- Born: 3 April 1793 Flushing, Cornwall
- Died: 13 October 1866 (aged 73)
- Education: Eton College
- Alma mater: Corpus Christi College, Oxford
- Spouse: Frances Addington ​(m. 1820)​

= George Pellew =

English churchman and theologian

George Pellew (3 April 1793– 13 October 1866) was an English churchman and theologian, Dean of Norwich from 1828 to 1866.

==Life==
He was third son of Edward Pellew, 1st Viscount Exmouth and his wife Susan Pellew (nee Frowde) and was born at Flushing, Cornwall, in 3 April 1793. He was educated at Eton College from 1808 to 1811, and admitted as gentleman-commoner at Corpus Christi College, Oxford, on 20 March 1812, graduating B.A. 1815, M.A. 1818, and B.D. and D.D. in November 1828. In 1817 he was ordained in the Church of England.

With family connections, his church preferment was rapid. In February 1819 he became, by the gift of the lord chancellor, vicar of Nazeing, Essex. In November 1820 he was advanced by the same patron to the vicarage of Sutton-in-the-Forest, or Sutton Galtries, Yorkshire. He subsequently was appointed seventh canon in Canterbury Cathedral (14 November 1822 to 1828), rector of St. George-the-Martyr, Canterbury (1827–8), prebendary of Osbaldwick at York Cathedral (15 February 1824 to September 1828), and prebendary of Wistow there (18 September 1828 to 1852). He became rector of St Dionis Backchurch, London (October 1828 to 1852), dean of Norwich 1828, and rector of Great Chart, Kent, 1852; and he held the last two preferments until his death.

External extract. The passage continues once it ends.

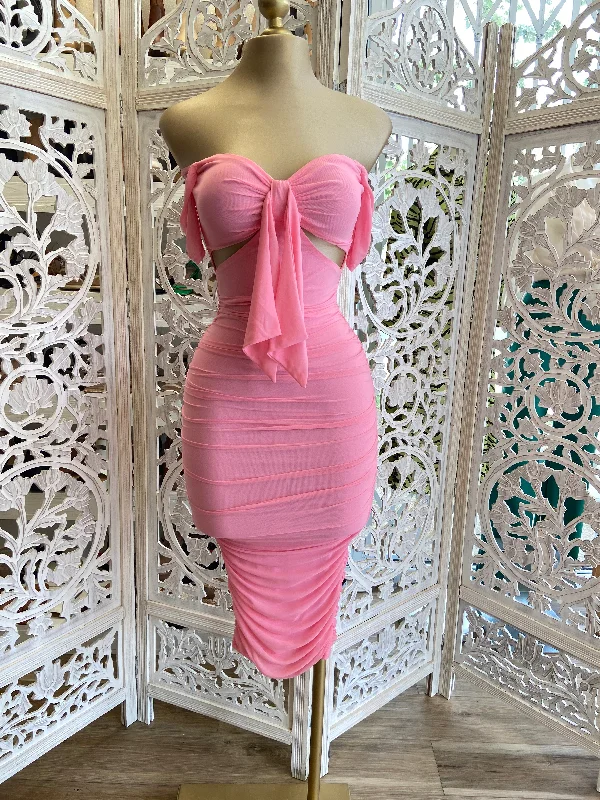 Your Discount is Waiting!Cotton Pink Tie Front Cutout Dress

As Dean of Norwich he had a seat in convocation, where he took an active part in the debates, as a moderate. Pellew died at the rectory, Great Chart, on 13 October 1866, and the east window of the church was afterwards filled with stained glass in his memory.

==Works==
Pellew printed sermons and tracts, including a ‘Letter to Sir Robert Peel on the means of rendering Cathedral Churches most conducive to the Efficiency of the Established Church.’ Many of his sermons were included in two volumes printed in 1848, and entitled ‘Sermons on many of the leading Doctrines and Duties taught by the Church of England.’ In 1847 he published ‘The Life and Correspondence of Addington, first Viscount Sidmouth,’ his father-in-law.

==Family==
He married, on 20 June 1820, Frances, second daughter of Henry Addington, Prime Minister and first Viscount Sidmouth, and left one son Henry Pellew (who inherited but chose not to assume the title Viscount Exmouth in 1922), and three daughters. His widow died at Speen Hill House, Newbury, Berkshire, on 27 February 1870.